Cleddrik turned dead-pale. Big drops of sweat broke out on his forehead and ran down the creases in his jowls. He pulled a rag from his brigga pocket and mopped the sweat away. It was a reasonable enough reaction, Dallandra decided, to Jahdo’s news. When she opened her sight and took a look at his aura, it swirled around him in a gray-green cloud of sheer terror—again, a reasonable reaction to a marauding Horsekin army from a farmer who stood to lose the land he’d worked all his life, to say naught of that life itself. She returned to her normal vision and saw Cleddrik trying hard to put on a brave front as Jahdo explained their situation.

“Well, what must be done must be done,” Cleddrik said at last. “My thanks, Chief Speaker, for this honest talk. By your leave, I’ll be going to tell my folk what we do face.

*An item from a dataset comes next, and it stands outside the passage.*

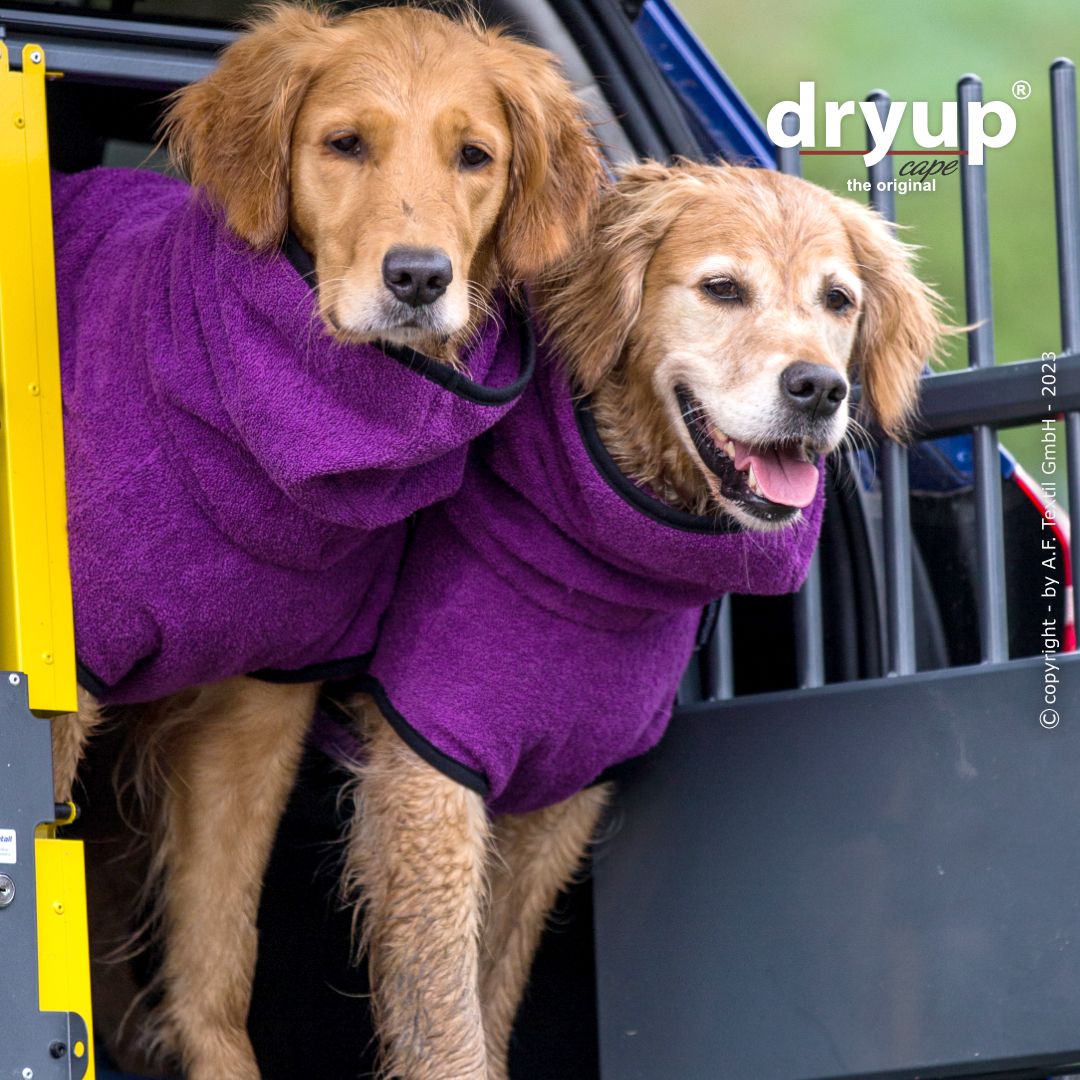 Dryup cape - Bilberry paars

Then we must make some sacrifice to the gods of the town, some of the first apples, they might please the holy spirits.”

“True spoken,” Jahdo said. “Tell your folk that the prince, we do expect him some three days hence.”

Cleddrik hurried away to the path down to the lakeshore, where the council barge stood at its pier, ready to take him across to the mainland. Jahdo crossed his arms over his chest and watched him go with narrowed eyes.

“Do you trust that man?” Dallandra said.

“I know not if I do or not,” Jahdo said. “Niffa did tell me that the Alshandra priestesses did come to Penli.”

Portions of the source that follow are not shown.